I know, I know. In my last post I said I’d be back in September and here we are, already in mid-October. Not that I haven’t tried to write something sooner. I actually wanted to refocus on climate change discussions and see whether citizens from the global South have anything to say about the historic agreement reached in Paris at the end of last year.
It hasn’t been so easy to find out. While there is relatively a lot of information available on citizen engagement in development programmes and policy-making, participation in climate change discussions seems to remain limited. Some efforts to include citizens from around the world were made in the lead up to the Paris conference (COP 21) and I already wrote about them here. But since then it’s been fairly quiet on the citizen engagement front or so it seems.
In fact, climate change itself has not made big headlines in recent weeks despite another couple of historic milestones being reached. On 5 October, the Paris agreement achieved the threshold required to enter into force, with enough Parties ratifying the Convention and accounting together for at least 55% of the global greenhouse gas emissions. The actual entry into force will happen on 4th November, meaning that for the first time since Paris we will start seeing some concerted action to fight climate change globally.

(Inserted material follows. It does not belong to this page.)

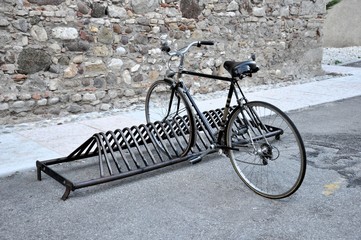 Fototapeta na wymiar Old black bicycle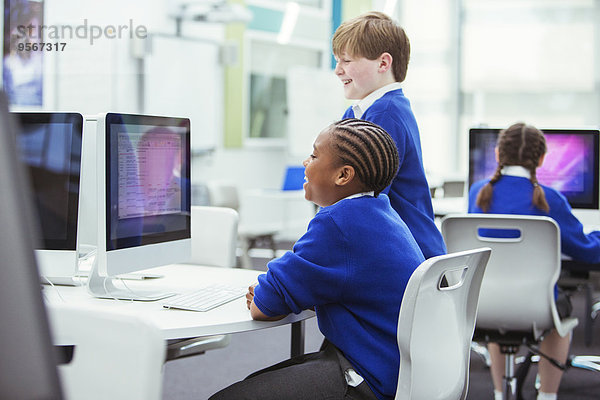 Grundschulkinder  die mit Computern arbeiten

It is true that UNFCCC, the UN body that successfully led the climate change negotiations in Paris, has already embarked upon several initiatives to ensure citizens become more aware of climate change and engage in meaningful action, as agreed in Article 6 of the new agreement. One work stream even focuses on public participation, however the related websites are primarily designed for creating communities of experts and policymakers. With the notable exception of youth activities, education and training seem to be the only space where individual citizens can participate.
Other initiatives I have found about include the Citizen Climate Engagement Network, or CCEN, a new platform established at the Paris conference that seeks to build a global base of local knowledge, bringing local insights into the next climate negotiations (COP22) starting in Marrakech, Morocco in November. CCEN members can contribute by hosting a local working session focusing on specific issues, such as linking climate action with the recently approved UN Sustainable Development Goals or promoting citizen participation. CCEN even provides an online toolkit to better manage the discussion. This initiative looks more promising but there is no indication that it is reaching people in developing countries. It would be good to learn more about how local meetings are going, and where.
Same goes for the Citizens’ Climate Lobby, a US-based alliance with chapters in many Southern countries that aims to build enough political will to pass legislation on carbon fees and dividends around the world. I would be curious to find out about progress on this agenda. For now, it looks heavily driven by US climate politics.
Hopefully, COP22 in Marrakech will address the need to more closely engage citizens in climate change discussions, in particular in those countries that are suffering the most from the impact of global warming, such as Chile or Burkina Faso. We need to challenge the assumption that you cannot truly influence policy-making unless you are an expert. In reality, there are many ways non-experts can contribute to the discussion through their local knowledge, alternative approaches to problem-solving and by upholding their right to participation with their policy-makers and politicians.
Citizen participation in pre-Paris discussions shows that people are not just concerned about climate change, but willing and able to contribute to the solution. Let’s continue this conversation, starting in Marrakech next month.